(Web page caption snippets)
□ □ □ □ □

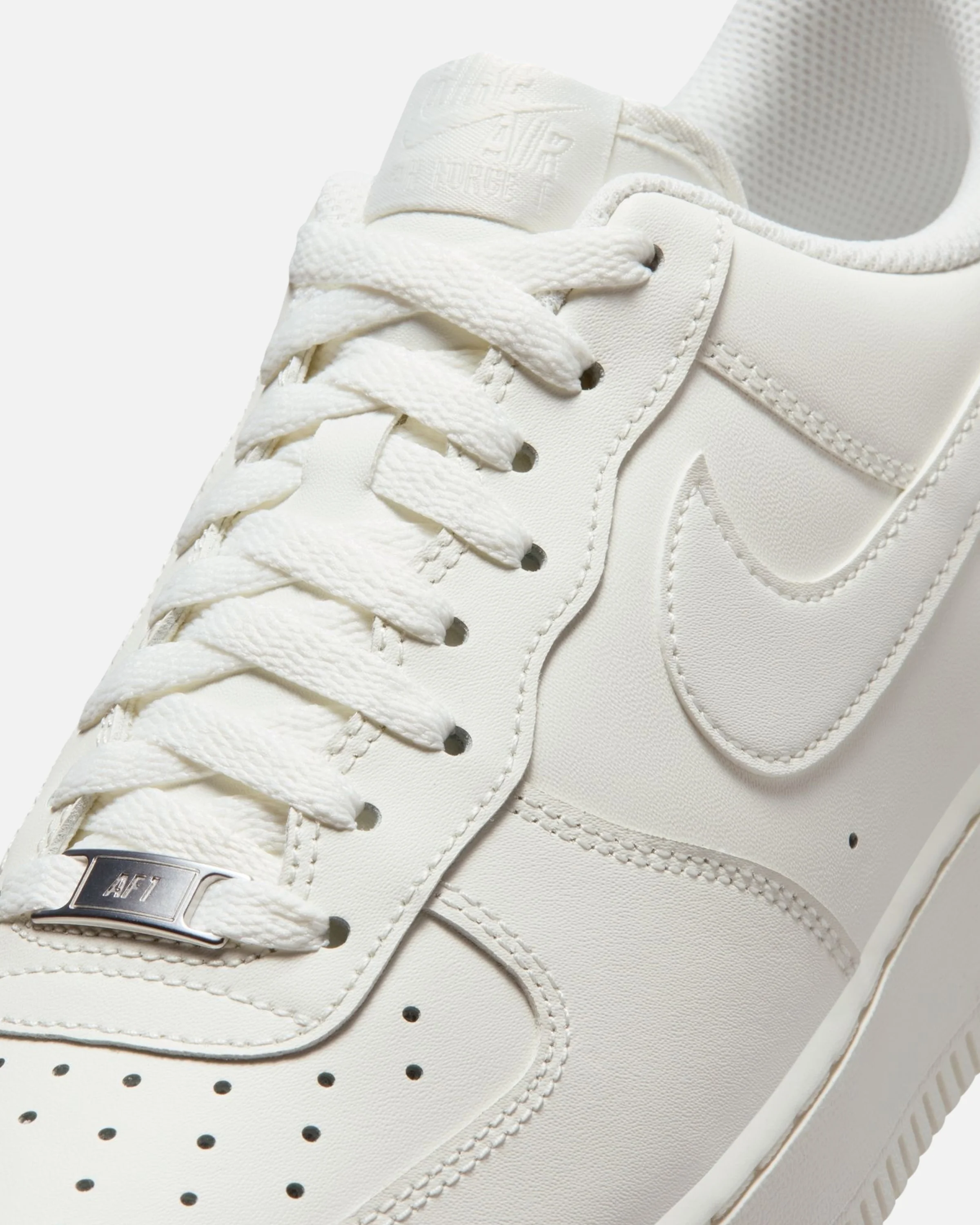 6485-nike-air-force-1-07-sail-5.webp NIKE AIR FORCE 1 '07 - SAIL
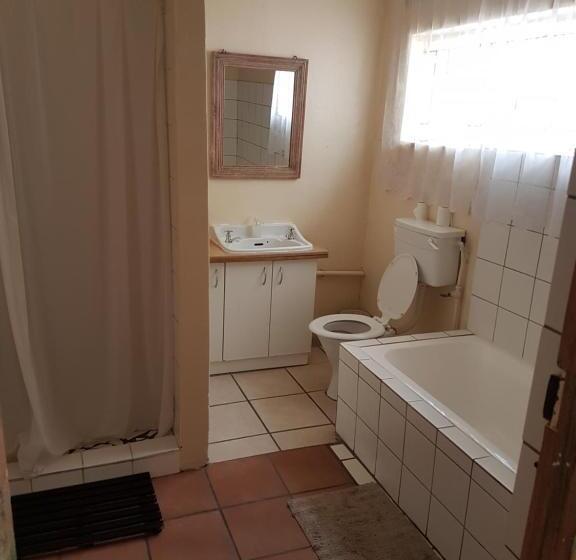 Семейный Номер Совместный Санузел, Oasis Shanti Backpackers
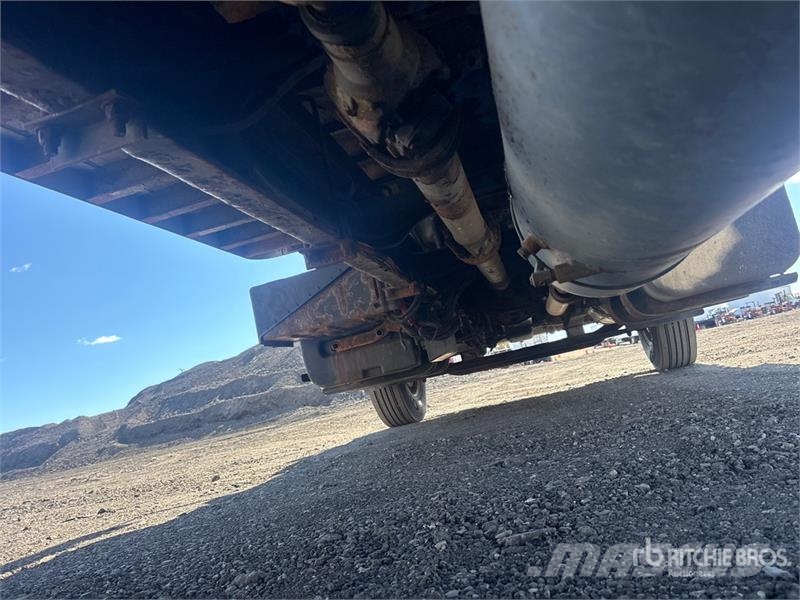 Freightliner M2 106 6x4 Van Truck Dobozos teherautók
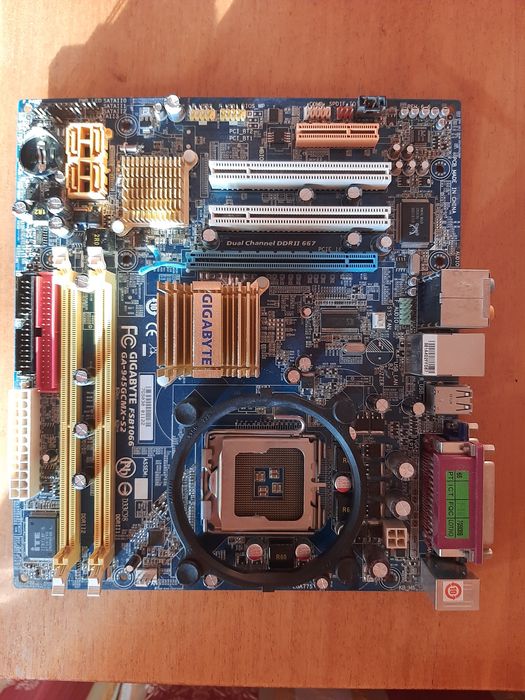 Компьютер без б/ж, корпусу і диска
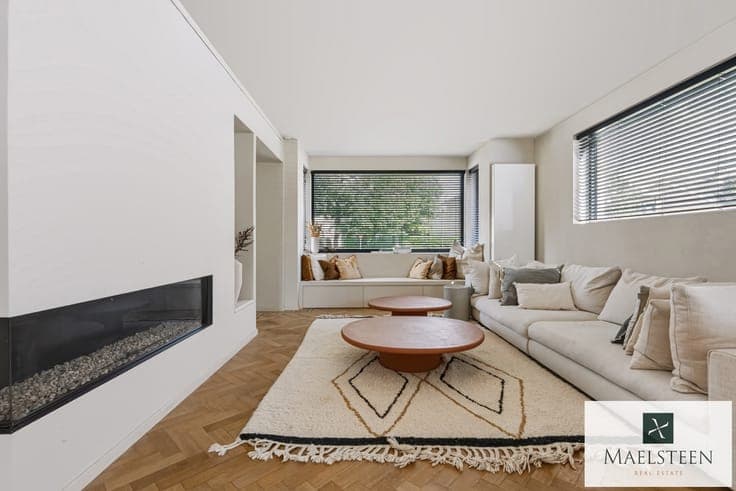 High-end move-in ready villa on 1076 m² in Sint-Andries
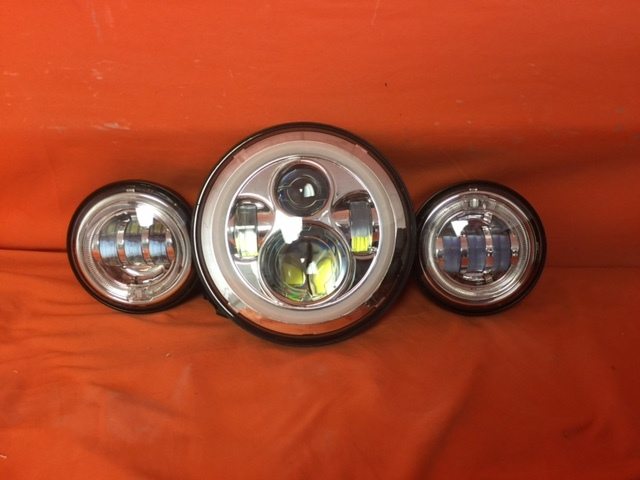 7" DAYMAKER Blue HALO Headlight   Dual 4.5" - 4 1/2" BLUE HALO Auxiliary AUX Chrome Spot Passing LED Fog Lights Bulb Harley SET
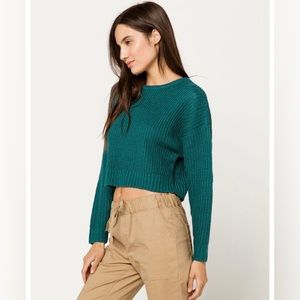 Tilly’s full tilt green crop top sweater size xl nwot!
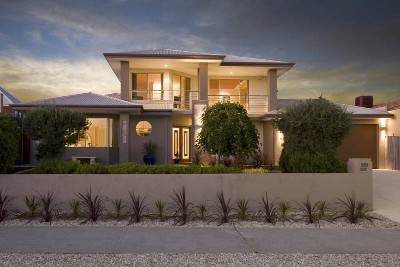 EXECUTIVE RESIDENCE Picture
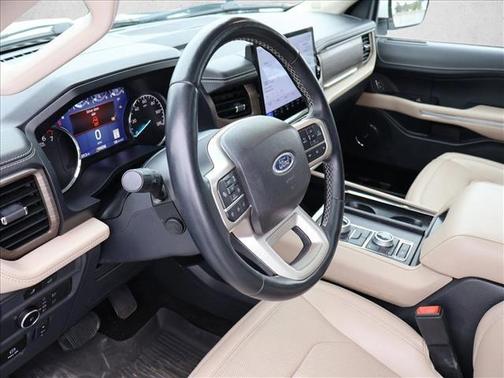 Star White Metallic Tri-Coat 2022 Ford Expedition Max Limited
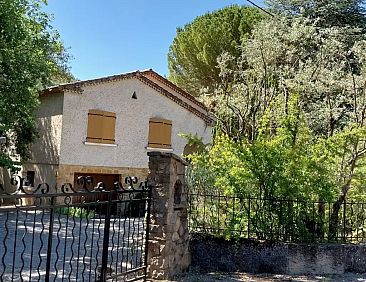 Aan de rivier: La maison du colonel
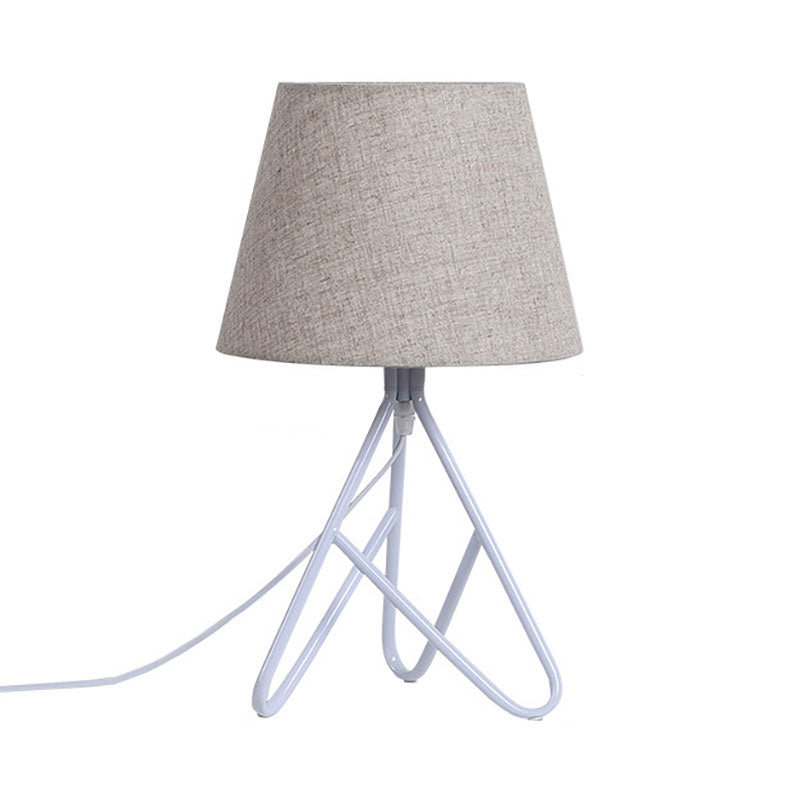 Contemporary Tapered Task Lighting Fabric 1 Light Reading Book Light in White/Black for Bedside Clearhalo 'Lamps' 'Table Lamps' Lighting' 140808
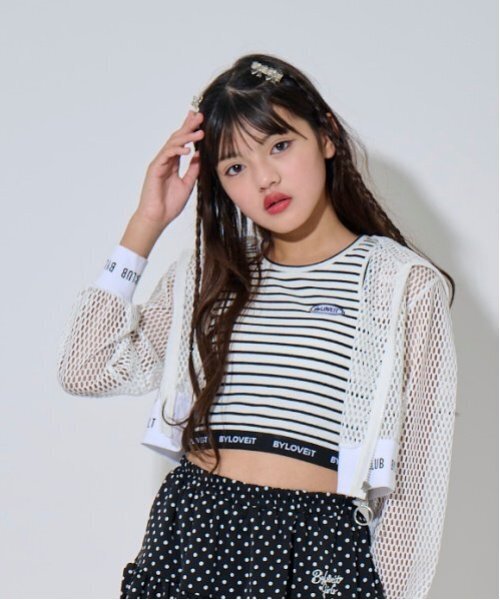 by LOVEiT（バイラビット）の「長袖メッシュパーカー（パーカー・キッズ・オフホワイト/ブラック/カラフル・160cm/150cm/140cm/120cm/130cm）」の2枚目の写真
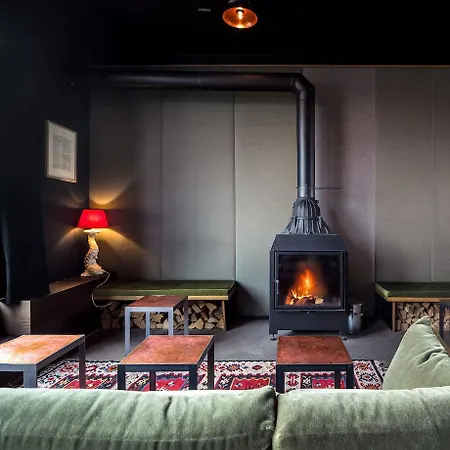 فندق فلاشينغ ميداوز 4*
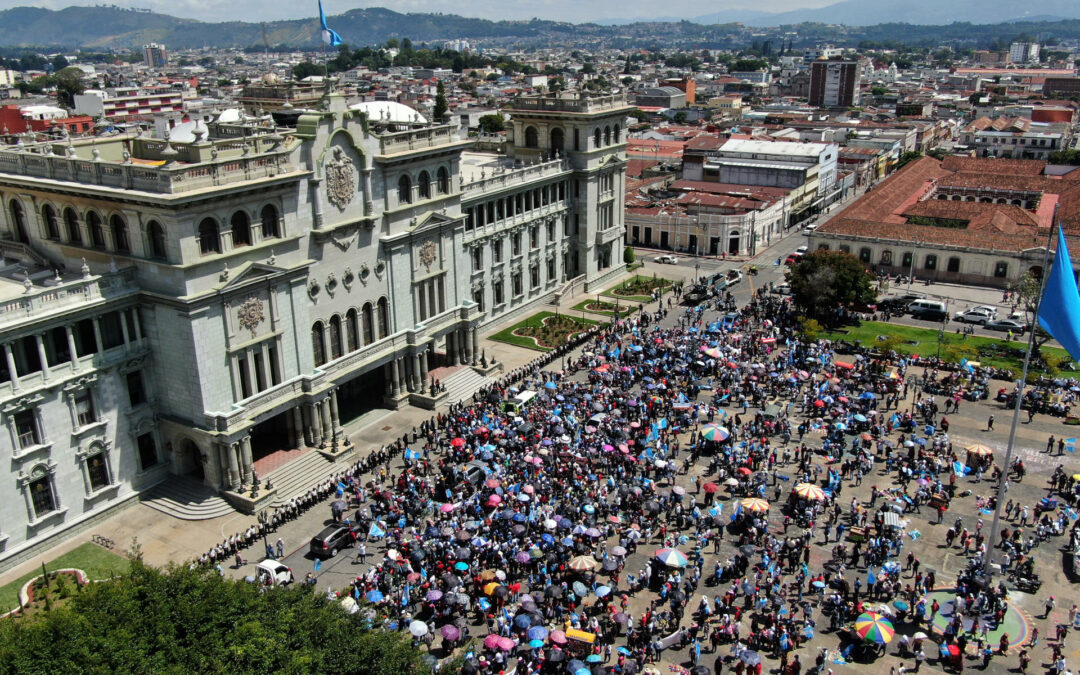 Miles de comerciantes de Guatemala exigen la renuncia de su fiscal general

□ □ □ □ □

**Exercise**
Set down the entries above exactly; no pictures belong in the copy.

**Result**
 6485-nike-air-force-1-07-sail-5.webp NIKE AIR FORCE 1 '07 - SAIL
 Семейный Номер Совместный Санузел, Oasis Shanti Backpackers
 Freightliner M2 106 6x4 Van Truck Dobozos teherautók
 Компьютер без б/ж, корпусу і диска
 High-end move-in ready villa on 1076 m² in Sint-Andries
 7" DAYMAKER Blue HALO Headlight   Dual 4.5" - 4 1/2" BLUE HALO Auxiliary AUX Chrome Spot Passing LED Fog Lights Bulb Harley SET
 Tilly’s full tilt green crop top sweater size xl nwot!
 EXECUTIVE RESIDENCE Picture
 Star White Metallic Tri-Coat 2022 Ford Expedition Max Limited
 Aan de rivier: La maison du colonel
 Contemporary Tapered Task Lighting Fabric 1 Light Reading Book Light in White/Black for Bedside Clearhalo 'Lamps' 'Table Lamps' Lighting' 140808
 by LOVEiT（バイラビット）の「長袖メッシュパーカー（パーカー・キッズ・オフホワイト/ブラック/カラフル・160cm/150cm/140cm/120cm/130cm）」の2枚目の写真
 فندق فلاشينغ ميداوز 4*
 Miles de comerciantes de Guatemala exigen la renuncia de su fiscal general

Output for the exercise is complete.